On 11/15/2010 09:18 AM, Michael S. Tsirkin wrote:
On Mon, Nov 15, 2010 at 08:55:07AM -0600, Anthony Liguori wrote:
On 11/15/2010 08:52 AM, Juan Quintela wrote:
"Michael S. Tsirkin"<m...@redhat.com> wrote:
There's no reason for tap to run when VM is stopped.
If we let it, it confuses the bridge on TX
and corrupts DMA memory on RX.
Signed-off-by: Michael S. Tsirkin<m...@redhat.com>
once here, what handlers make sense to run while stopped?
/me can think of the normal console, non live migration, loadvm and not
much more. Perhaps it is easier to just move the other way around?
I'm not sure I concur that this is really a problem.
Semantically, I don't think that stop has to imply that the guest
memory no longer changes.
Regards,
Anthony Liguori
Later, Juan.
Well, I do not really know about vmstop that is not for migration.
They are separate. For instance, we don't rely on stop to pause pending
disk I/O because we don't serialize pending disk I/O operations.
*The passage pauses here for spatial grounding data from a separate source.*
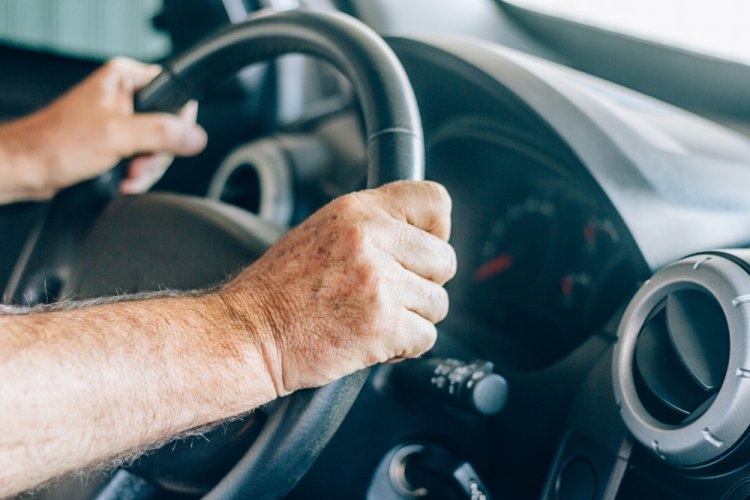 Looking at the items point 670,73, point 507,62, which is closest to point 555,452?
point 507,62

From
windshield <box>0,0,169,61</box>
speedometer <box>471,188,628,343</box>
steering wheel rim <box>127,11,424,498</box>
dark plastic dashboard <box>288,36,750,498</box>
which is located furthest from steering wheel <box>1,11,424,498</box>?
windshield <box>0,0,169,61</box>

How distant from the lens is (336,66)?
71cm

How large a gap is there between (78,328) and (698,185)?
58 centimetres

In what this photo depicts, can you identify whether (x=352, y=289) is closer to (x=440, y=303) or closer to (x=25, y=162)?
(x=440, y=303)

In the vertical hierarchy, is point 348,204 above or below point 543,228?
above

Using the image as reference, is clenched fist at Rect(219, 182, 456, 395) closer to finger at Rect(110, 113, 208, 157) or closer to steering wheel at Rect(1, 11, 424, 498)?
steering wheel at Rect(1, 11, 424, 498)

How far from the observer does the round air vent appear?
0.56 m

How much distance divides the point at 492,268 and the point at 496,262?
1cm

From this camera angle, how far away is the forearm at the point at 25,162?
0.93 m

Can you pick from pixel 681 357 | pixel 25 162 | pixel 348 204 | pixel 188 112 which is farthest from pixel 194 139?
pixel 681 357

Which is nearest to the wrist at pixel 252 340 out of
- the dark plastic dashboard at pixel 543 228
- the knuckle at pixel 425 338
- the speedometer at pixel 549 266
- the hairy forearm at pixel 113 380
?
the hairy forearm at pixel 113 380

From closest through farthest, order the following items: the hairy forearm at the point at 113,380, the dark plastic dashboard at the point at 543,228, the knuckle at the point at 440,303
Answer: the hairy forearm at the point at 113,380 → the knuckle at the point at 440,303 → the dark plastic dashboard at the point at 543,228

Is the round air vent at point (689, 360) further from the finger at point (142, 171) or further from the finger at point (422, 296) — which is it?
the finger at point (142, 171)

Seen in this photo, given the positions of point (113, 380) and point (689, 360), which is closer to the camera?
point (113, 380) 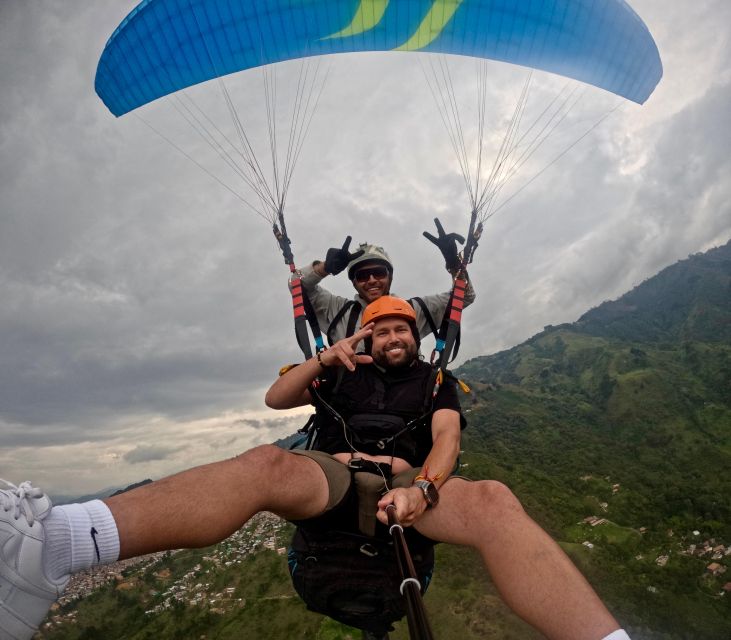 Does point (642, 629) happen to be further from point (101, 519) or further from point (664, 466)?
point (664, 466)

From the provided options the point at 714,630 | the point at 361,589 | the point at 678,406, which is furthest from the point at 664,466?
the point at 361,589

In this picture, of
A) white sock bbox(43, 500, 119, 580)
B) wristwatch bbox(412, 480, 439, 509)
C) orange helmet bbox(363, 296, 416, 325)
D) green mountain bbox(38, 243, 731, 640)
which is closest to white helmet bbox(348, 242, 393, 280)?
orange helmet bbox(363, 296, 416, 325)

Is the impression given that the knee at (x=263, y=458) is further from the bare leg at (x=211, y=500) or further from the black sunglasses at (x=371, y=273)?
the black sunglasses at (x=371, y=273)

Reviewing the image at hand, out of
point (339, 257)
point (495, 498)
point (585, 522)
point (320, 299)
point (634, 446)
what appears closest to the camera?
point (495, 498)

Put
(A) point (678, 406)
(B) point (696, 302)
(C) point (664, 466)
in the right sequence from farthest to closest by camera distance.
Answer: (B) point (696, 302) → (A) point (678, 406) → (C) point (664, 466)

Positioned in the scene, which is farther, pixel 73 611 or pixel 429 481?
pixel 73 611

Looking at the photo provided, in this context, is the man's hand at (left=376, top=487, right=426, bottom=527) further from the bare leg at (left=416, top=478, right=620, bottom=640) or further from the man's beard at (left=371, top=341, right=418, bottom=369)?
the man's beard at (left=371, top=341, right=418, bottom=369)

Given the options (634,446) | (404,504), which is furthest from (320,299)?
(634,446)

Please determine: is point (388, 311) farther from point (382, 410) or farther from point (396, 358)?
point (382, 410) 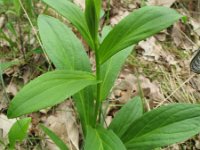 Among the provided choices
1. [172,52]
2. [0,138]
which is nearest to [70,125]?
[0,138]

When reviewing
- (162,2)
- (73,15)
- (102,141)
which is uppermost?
(162,2)

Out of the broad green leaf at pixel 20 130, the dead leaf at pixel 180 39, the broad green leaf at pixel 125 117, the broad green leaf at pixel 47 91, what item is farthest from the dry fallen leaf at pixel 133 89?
the broad green leaf at pixel 47 91

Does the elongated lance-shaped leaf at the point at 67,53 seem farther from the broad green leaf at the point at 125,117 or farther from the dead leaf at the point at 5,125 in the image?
the dead leaf at the point at 5,125

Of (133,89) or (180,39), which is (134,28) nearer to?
(133,89)

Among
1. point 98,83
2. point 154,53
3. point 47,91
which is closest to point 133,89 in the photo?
point 154,53

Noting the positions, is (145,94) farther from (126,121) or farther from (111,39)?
(111,39)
Instead, we flush all pending I/O and rely on the fact that disk I/O
requests are always submitted in the context of a vCPU operation. This
assumption breaks down though with ioeventfd so we need to revisit it.
For most vmstop calls are for migration. And there, the problems are very
real.
First, it's not just memory. At least for network transmit, sending out
packets with the same MAC from two locations is a problem. See?
I agree it's a problem but I'm not sure that just marking fd handlers
really helps.
Bottom halves can also trigger transmits. I think that if we put
something in the network layer that just queued packets if the vm is
stopped, it would be a more robust solution to the problem.
For memory, it is much worse: any memory changes can either get
discarded or not. This breaks consistency guarantees that guest relies
upon. Imagine virtio index getting updated but content not being
updated. See?
If you suppress any I/O then the memory changes don't matter because the
same changes will happen on the destination too.
I think this basic problem is the same as Kemari. We can either attempt
to totally freeze a guest which means stopping all callbacks that are
device related or we can prevent I/O from happening which should
introduce enough determinism to fix the problem in practice.
Regards,
Anthony Liguori